One winter day in the ’70s, Floyd Kaiser and Willis Smith came over to cut
wood with Chub. We were eating lunch when I asked, “Has anybody seen Rosie?
She didn’t go to the woods with you men, did she?” No, they said. “She
barked at me when I drove in,” one man said. I left the table to call and
whistle for her, but she didn’t come running around the house as usual.
Later I called the neighbors, but no one had seen her. By late afternoon she
had not returned, and I drove the country roads looking for her. Near dark,
Chub and I drove over the snowy white pastures, near enough to see that Rosie,
a large black dog, wasn’t in one of them.
We asked Denny to trap here because coyotes become a threat to livestock
during the coldest part of the winter when their natural food is scarce.
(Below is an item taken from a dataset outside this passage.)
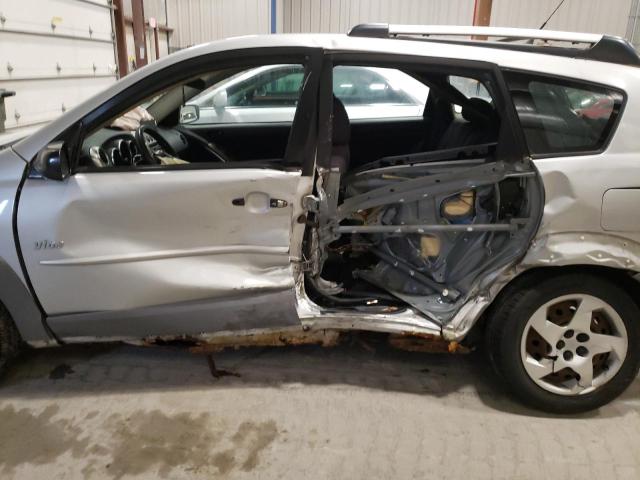 Photo 9 from auction – 2003 PONTIAC VIBE with VIN 5Y2SL62833Z462963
Denny
is our close friend, a responsible trapper. After dark I remembered that he
had placed an additional trap, a few days before. I called him and said, “Old
Rosie has been missing since midmorning, and we’ve checked your other traps,
but where is the new one set?” He said, “Over in the northeast corner of the
farm.” We hadn’t been near that.
I opened the gate while Chub brought the truck, and away we went. When we got
to the top of the hill behind the pond we saw two eyes reflecting and bounding
up and down. Old Rosie was alive, and she knew we had found her. Why could she
jump around like that and still be that held in that heavy coyote trap?
I grabbed the big dog and held tight. “Hold still, Rosie, we’re going to get
you out,” I said, but she kept jumping. Chub was trying to get the heavy
steel trap in position to step on it and release the dog. Misty wasn’t about
to calm down. The trap flopped around as she licked me and kept jumping. Chub
kept turning and twisting to get the trap in position to release her and
suddenly he said, “Oh! I’ve got a leg cramp!” I couldn’t have sprung the
trap even with no dog in it. By the time Rosie calmed down a bit, Chub had a
cramp in both legs!
I don’t know how we got out of that mess, but we did. Coyotes, small prairie
wolves, are wild members of the dog family. Rosie had smelled the strong scent
on the flat round pan that triggers the trap when touched. She must have pawed
at the bait because the trap caught just beyond her toes. She limped a little
for the next two or three days.
Denny always ran his traps about daybreak. He stopped one morning when there
was new snow on the ground and said, “You just must drive down to that bottom
land and see where the coyotes have been playing ‘fox and geese.’*” Chub and
I drove down and, sure enough, they had tramped out a huge circle and crossed
it with several “spokes” like we do for the tag game we play in snow. The
fox tries to tag the geese and, if tagged, the goose becomes the fox. No one
can get off the wheel pattern, and the geese are safe when they’re in the
“nest” where spokes cross.
The coyotes had spokes crossing the circle, but there was no sign of a nest.
There were not many other tracks disturbing the white blanket of snow, except
where the coyotes had played the game. We learned this game from Indians.
Perhaps they learned it from coyotes playing in snow? In our very own pasture?
This thought gives me a new feeling about these prairie wolves!